= Beginning of Section =

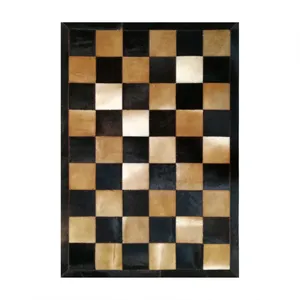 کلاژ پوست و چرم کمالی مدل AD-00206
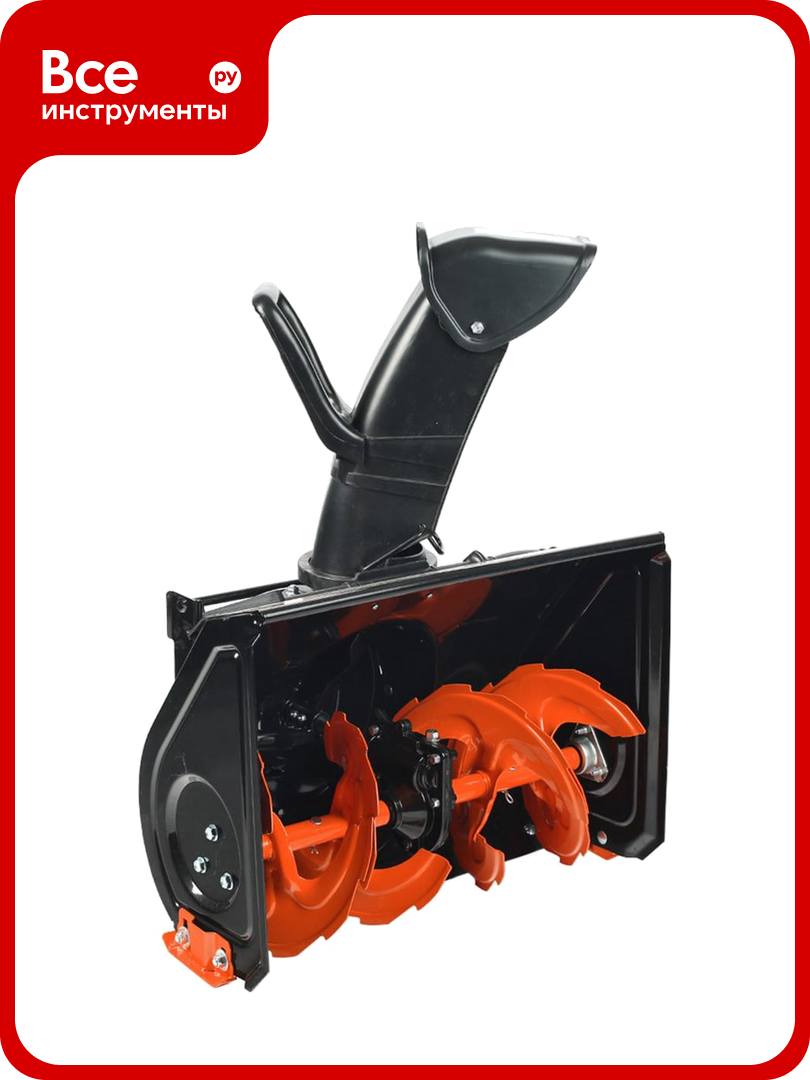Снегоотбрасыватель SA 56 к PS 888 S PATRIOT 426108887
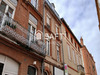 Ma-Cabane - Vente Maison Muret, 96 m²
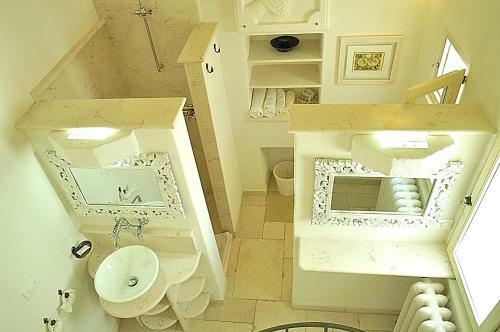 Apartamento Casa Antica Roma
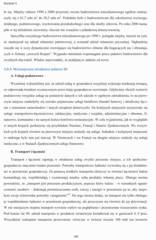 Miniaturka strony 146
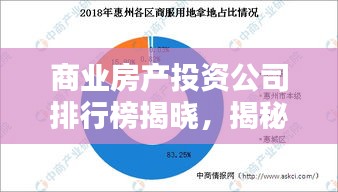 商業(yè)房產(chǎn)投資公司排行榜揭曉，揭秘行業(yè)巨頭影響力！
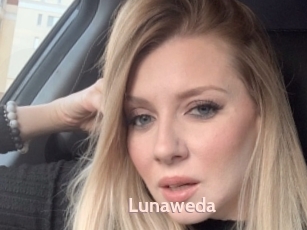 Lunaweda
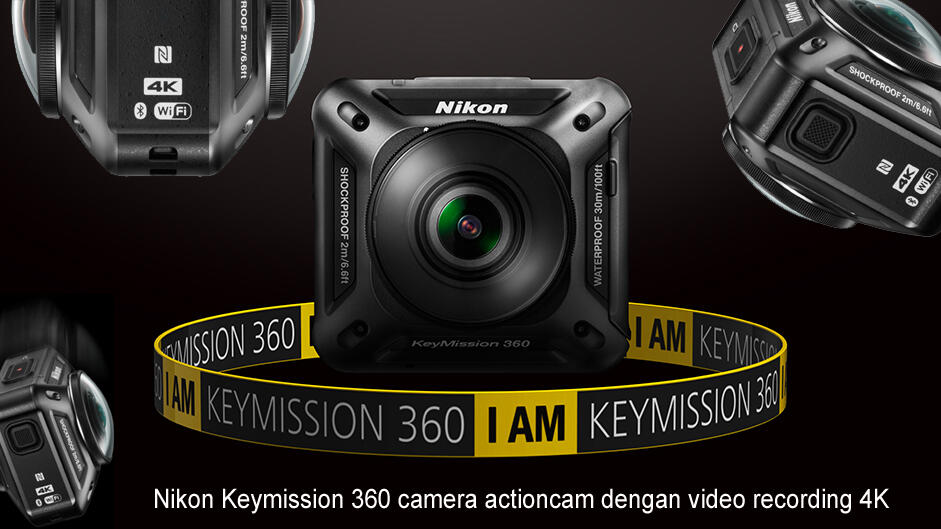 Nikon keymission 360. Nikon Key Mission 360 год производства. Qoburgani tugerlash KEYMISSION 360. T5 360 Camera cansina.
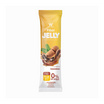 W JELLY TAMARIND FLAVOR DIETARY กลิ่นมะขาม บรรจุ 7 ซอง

= End of Section =

→ **Task description**: Each entry should be output word for word, with no pictures carried over.

→ **Your response**:
 کلاژ پوست و چرم کمالی مدل AD-00206
Снегоотбрасыватель SA 56 к PS 888 S PATRIOT 426108887
 Ma-Cabane - Vente Maison Muret, 96 m²
 Apartamento Casa Antica Roma
 Miniaturka strony 146
 商業(yè)房產(chǎn)投資公司排行榜揭曉，揭秘行業(yè)巨頭影響力！
 Lunaweda
 Nikon keymission 360. Nikon Key Mission 360 год производства. Qoburgani tugerlash KEYMISSION 360. T5 360 Camera cansina.
 W JELLY TAMARIND FLAVOR DIETARY กลิ่นมะขาม บรรจุ 7 ซอง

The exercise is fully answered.